**TASK GOAL**
Starting at the line containing "Korean Style Fashion" and ending at the line containing "Bromsgrove Highway, Redditch, Worcestershire", transcribe the listing below exactly. Keep both end lines, skip the pictures, and copy nothing else.

**MATERIAL PROVIDED**
·····

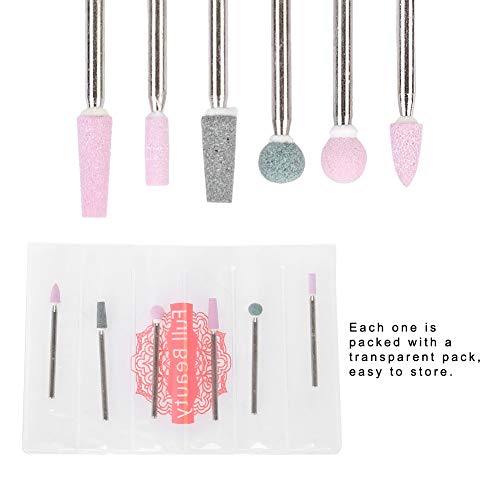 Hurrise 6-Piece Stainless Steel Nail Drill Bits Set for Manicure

·····

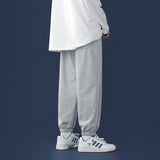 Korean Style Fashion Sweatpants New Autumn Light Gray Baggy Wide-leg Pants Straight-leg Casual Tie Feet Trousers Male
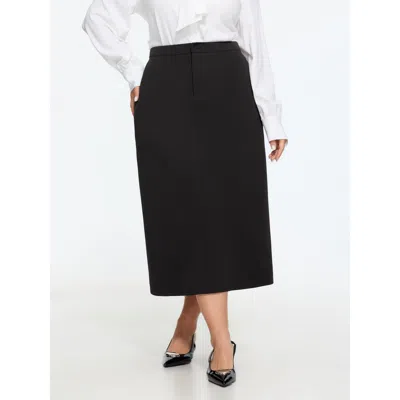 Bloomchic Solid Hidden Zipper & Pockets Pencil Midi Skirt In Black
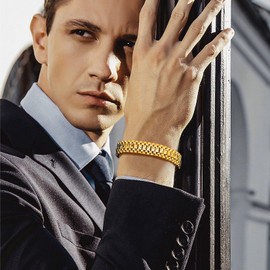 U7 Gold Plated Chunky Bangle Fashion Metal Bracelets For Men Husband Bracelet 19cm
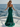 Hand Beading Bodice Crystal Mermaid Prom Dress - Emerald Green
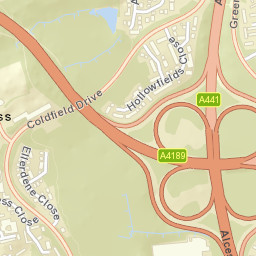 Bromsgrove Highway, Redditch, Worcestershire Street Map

·····

**WRITTEN ANSWER**
 Korean Style Fashion Sweatpants New Autumn Light Gray Baggy Wide-leg Pants Straight-leg Casual Tie Feet Trousers Male
 Bloomchic Solid Hidden Zipper & Pockets Pencil Midi Skirt In Black
 U7 Gold Plated Chunky Bangle Fashion Metal Bracelets For Men Husband Bracelet 19cm
 Hand Beading Bodice Crystal Mermaid Prom Dress - Emerald Green
 Bromsgrove Highway, Redditch, Worcestershire Street Map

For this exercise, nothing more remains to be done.